At last a curricle, glittering with silver, rattled round the corner and stopped opposite him. She must becoming now. The crowd had vanished. Perhaps it was, after all, a fancy of his own. No; there they were, peeping round the corner, close to the lecture-room — the hell-hounds! A slave brought out an embroidered cushion — and then Hypatia herself came forth, looking more glorious than ever; her lips set in a sad firm smile; her eyes uplifted, inquiring, eager, and yet gentle, dimmed by some great inward awe, as if her soul was far away aloft, and face to face with God.

In a moment he sprang up to her, caught her robe convulsively, threw himself on his knees before her —

‘Stop! Stay! You are going to destruction!’

Calmly she looked down upon him.

‘Accomplice of witches! Would you make of Theon’s daughter a traitor like yourself?’

He sprang up, stepped back, and stood stupefied with shame and despair. . . .

She believed him guilty, then!. . . . It was the will of God!

The plumes of the horses were waving far down the street before he recovered himself, and rushed after her, shouting he knew not what.

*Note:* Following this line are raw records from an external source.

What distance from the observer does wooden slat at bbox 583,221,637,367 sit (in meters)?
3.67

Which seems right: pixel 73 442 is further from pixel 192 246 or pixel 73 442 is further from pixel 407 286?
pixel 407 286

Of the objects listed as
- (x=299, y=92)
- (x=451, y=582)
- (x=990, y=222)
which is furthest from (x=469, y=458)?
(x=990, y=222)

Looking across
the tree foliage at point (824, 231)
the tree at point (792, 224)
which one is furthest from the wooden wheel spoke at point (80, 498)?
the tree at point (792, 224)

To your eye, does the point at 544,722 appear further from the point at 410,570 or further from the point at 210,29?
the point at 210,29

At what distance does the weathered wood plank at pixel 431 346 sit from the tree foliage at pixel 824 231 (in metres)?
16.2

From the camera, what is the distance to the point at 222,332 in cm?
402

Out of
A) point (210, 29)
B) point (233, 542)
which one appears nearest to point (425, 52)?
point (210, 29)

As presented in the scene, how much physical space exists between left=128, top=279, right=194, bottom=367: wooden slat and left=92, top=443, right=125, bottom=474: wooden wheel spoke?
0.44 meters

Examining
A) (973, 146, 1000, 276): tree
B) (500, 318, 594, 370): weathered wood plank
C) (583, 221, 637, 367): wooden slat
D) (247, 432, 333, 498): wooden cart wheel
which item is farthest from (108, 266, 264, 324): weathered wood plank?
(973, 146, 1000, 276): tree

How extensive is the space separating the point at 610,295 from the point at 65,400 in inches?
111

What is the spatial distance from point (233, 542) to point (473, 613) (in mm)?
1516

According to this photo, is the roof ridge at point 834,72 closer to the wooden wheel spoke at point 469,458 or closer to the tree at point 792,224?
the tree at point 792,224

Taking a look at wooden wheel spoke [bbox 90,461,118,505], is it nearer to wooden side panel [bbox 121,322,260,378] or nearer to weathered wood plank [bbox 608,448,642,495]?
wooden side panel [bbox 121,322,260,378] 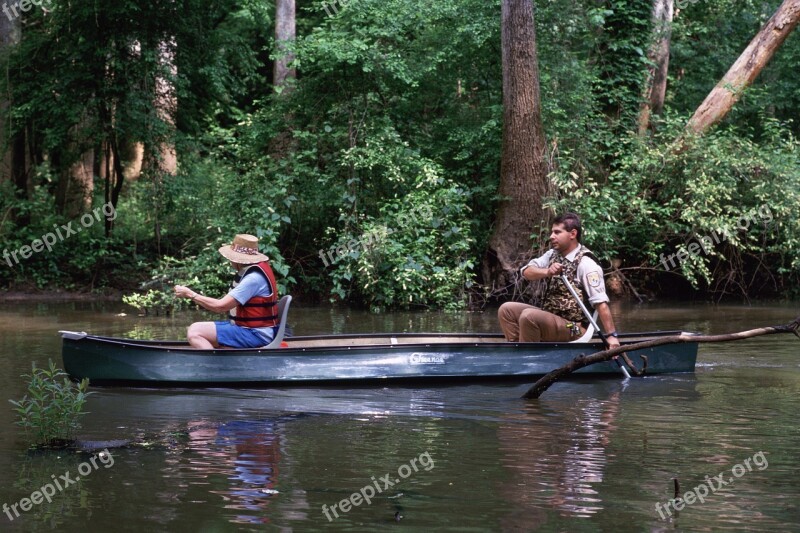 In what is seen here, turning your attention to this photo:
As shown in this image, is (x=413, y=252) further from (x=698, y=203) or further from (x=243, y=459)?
(x=243, y=459)

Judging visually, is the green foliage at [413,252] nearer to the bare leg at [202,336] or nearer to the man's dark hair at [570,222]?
the man's dark hair at [570,222]

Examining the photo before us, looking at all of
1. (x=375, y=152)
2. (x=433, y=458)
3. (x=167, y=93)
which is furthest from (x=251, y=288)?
(x=167, y=93)

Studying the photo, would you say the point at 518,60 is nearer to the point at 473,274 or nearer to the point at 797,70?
the point at 473,274

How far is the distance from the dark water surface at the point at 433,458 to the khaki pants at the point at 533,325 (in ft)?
1.84

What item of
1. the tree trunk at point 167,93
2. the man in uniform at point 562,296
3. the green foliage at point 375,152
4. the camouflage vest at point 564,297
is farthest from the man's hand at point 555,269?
the tree trunk at point 167,93

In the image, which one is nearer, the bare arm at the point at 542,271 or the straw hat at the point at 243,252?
the straw hat at the point at 243,252

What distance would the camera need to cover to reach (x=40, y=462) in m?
7.06

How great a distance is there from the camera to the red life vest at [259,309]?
964 centimetres

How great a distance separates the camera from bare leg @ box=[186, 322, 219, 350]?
32.0 ft

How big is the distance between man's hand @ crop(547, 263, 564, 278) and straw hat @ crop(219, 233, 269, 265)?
2629 millimetres

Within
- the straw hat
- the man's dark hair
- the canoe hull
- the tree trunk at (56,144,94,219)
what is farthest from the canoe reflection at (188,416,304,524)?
Result: the tree trunk at (56,144,94,219)

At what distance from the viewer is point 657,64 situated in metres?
20.3

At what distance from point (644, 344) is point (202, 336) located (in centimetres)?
405

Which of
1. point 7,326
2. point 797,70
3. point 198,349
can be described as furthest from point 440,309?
point 797,70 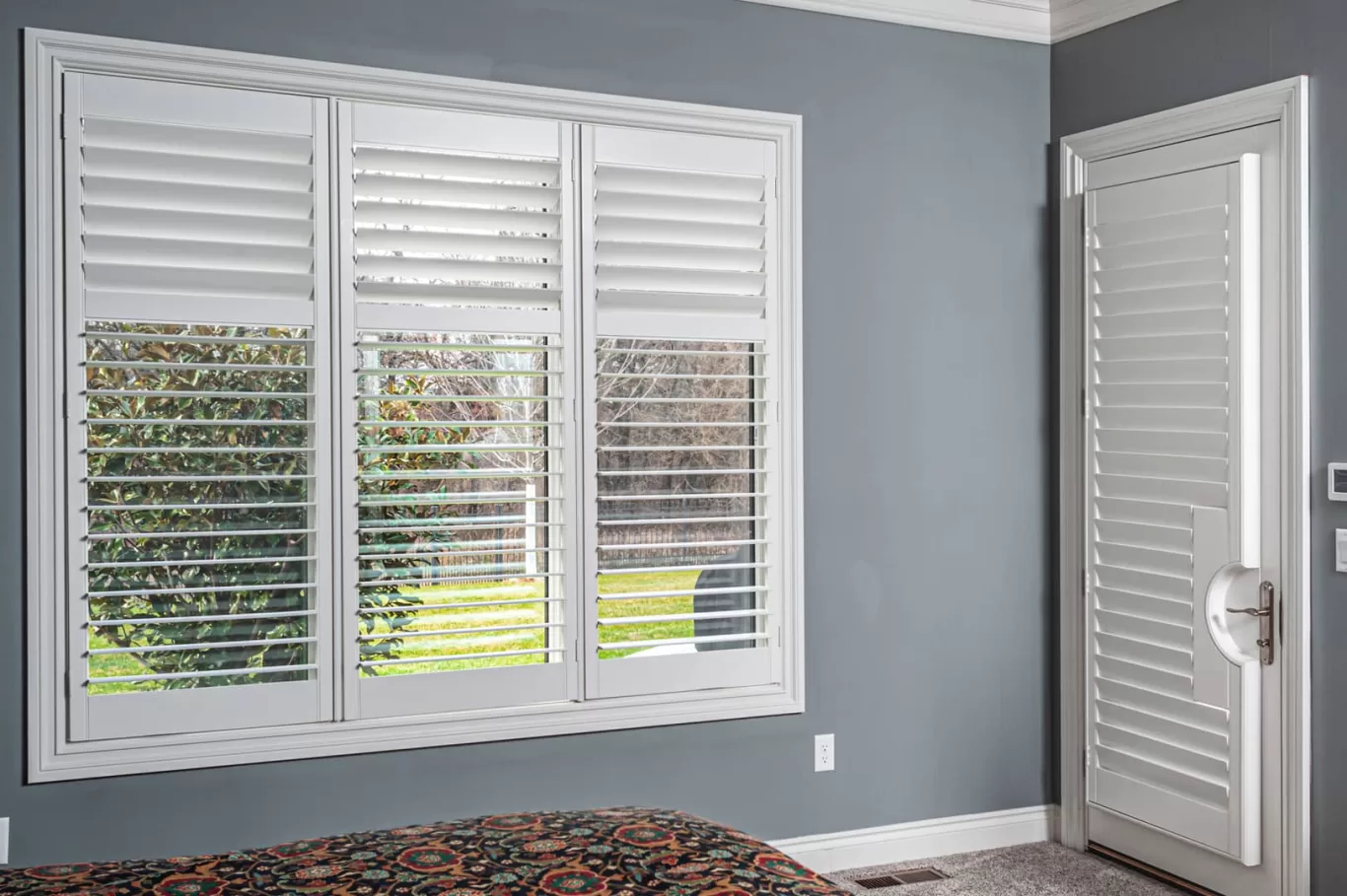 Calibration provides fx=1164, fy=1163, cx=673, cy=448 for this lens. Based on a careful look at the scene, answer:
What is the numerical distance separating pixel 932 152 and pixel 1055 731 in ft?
6.67

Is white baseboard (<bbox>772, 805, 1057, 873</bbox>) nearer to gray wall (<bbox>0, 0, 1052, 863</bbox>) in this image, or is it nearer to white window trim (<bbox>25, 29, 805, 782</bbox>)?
gray wall (<bbox>0, 0, 1052, 863</bbox>)

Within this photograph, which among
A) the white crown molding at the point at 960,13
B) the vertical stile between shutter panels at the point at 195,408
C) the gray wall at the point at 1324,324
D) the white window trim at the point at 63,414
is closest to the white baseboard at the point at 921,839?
the white window trim at the point at 63,414

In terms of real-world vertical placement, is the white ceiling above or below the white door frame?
above

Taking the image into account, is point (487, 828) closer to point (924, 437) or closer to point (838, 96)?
point (924, 437)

It was too late! A dark wave of men rushed from the ambuscade, surged up round the car. . . . swept forward. . . . she had disappeared! and as Philammon followed breathless, the horses galloped past him madly homeward with the empty carriage.

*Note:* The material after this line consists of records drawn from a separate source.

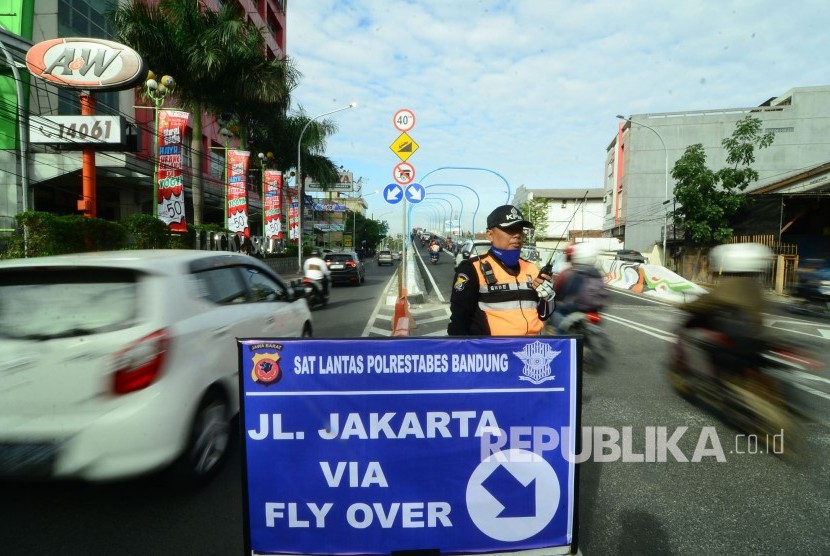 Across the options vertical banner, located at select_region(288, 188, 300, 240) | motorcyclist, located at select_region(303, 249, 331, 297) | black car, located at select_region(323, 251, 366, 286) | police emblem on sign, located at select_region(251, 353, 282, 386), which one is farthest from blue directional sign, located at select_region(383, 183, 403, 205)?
vertical banner, located at select_region(288, 188, 300, 240)

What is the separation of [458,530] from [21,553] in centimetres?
226

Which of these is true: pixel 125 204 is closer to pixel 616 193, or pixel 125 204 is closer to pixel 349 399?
pixel 349 399

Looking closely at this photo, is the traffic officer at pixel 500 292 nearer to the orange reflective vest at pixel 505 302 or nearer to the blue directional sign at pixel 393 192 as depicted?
the orange reflective vest at pixel 505 302

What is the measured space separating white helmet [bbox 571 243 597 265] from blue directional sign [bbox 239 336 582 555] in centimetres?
505

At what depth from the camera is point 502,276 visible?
129 inches

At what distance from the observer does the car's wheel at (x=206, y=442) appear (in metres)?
3.23

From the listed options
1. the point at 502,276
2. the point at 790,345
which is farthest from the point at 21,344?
the point at 790,345

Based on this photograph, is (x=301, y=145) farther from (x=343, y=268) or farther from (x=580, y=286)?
(x=580, y=286)

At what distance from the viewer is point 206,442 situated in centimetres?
343

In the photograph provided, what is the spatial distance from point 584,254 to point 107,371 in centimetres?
575

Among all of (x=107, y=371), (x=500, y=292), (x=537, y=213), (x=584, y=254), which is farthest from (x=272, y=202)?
(x=537, y=213)

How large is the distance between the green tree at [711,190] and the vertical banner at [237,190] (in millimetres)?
20984

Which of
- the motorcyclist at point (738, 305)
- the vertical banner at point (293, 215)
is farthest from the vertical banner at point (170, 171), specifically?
the motorcyclist at point (738, 305)

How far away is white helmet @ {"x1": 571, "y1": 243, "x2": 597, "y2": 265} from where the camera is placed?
6.96m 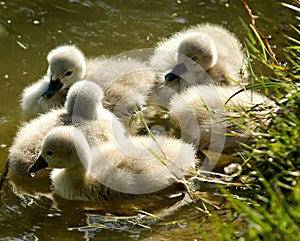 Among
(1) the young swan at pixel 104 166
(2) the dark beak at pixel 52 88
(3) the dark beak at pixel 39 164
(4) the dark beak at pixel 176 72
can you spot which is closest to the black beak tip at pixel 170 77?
(4) the dark beak at pixel 176 72

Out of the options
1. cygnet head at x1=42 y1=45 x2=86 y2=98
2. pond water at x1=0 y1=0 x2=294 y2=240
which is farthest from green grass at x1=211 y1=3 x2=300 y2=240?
cygnet head at x1=42 y1=45 x2=86 y2=98

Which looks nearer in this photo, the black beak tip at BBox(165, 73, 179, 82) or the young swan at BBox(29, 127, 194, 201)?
the young swan at BBox(29, 127, 194, 201)

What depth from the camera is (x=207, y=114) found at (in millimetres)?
3836

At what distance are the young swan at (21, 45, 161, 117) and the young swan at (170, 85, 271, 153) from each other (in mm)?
347

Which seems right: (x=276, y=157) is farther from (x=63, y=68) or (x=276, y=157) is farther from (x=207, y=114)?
(x=63, y=68)

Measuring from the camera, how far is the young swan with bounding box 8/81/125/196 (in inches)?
142

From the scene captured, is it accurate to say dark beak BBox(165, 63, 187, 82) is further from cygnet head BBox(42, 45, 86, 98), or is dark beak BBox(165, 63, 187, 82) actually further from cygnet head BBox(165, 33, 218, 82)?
cygnet head BBox(42, 45, 86, 98)

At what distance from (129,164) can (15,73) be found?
136 centimetres

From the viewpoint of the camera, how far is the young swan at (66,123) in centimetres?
361

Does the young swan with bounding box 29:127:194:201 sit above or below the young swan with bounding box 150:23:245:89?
below

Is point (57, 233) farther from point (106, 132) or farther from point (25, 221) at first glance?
point (106, 132)

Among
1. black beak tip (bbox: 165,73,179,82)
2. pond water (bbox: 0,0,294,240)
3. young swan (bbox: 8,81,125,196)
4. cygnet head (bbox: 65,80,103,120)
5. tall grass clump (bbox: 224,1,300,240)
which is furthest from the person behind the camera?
black beak tip (bbox: 165,73,179,82)

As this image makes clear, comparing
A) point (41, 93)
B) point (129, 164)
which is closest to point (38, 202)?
point (129, 164)

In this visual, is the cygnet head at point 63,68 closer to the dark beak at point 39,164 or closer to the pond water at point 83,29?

Whither were they dragging her? To the Caesareum, the Church of God Himself? Impossible! Why thither of all places of the earth? Why did the mob, increasing momentarily by hundreds, pour down upon the beach, and return brandishing flints, shells, fragments of pottery?

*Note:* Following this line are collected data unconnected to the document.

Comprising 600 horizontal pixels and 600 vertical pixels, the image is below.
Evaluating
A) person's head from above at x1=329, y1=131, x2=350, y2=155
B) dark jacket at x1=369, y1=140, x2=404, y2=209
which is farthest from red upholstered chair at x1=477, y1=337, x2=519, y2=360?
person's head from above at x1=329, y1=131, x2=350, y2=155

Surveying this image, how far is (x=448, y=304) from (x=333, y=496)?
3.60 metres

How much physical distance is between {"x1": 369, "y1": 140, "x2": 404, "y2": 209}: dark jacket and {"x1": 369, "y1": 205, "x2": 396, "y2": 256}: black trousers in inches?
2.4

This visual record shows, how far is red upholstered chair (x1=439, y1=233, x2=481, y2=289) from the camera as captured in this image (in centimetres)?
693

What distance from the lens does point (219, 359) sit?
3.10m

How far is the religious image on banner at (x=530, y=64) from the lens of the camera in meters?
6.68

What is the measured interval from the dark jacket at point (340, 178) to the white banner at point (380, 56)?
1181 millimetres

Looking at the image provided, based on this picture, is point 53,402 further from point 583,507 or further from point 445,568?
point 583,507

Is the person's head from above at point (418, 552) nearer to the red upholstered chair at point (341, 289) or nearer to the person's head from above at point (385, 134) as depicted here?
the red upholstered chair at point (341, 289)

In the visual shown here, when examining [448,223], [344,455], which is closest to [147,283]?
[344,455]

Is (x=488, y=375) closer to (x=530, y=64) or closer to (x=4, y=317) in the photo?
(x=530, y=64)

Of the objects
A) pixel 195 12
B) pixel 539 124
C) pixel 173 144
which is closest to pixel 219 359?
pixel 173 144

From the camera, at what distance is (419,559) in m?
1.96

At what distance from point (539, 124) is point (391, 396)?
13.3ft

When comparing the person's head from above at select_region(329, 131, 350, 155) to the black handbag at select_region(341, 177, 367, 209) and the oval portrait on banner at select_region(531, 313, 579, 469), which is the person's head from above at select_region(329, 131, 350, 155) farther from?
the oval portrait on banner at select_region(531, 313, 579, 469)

She was upon the church steps before he caught them up, invisible among the crowd; but he could track her by the fragments of her dress.

Where were her gay pupils now? Alas! they had barricaded themselves shamefully in the Museum, at the first rush which swept her from the door of the lecture-room. Cowards! he would save her!

And he struggled in vain to pierce the dense mass of Parabolani and monks, who, mingled with the fishwives and dock-workers, leaped and yelled around their victim. But what he could not do another and a weaker did — even the little porter. Furiously — no one knew how or whence — he burst up as if from the ground in the thickest of the crowd, with knife, teeth, and nails, like a venomous wild-cat, tearing his way towards his idol. Alas! he was torn down himself, rolled over the steps, and lay there half dead in an agony of weeping, as Philammon sprang up past him into the church.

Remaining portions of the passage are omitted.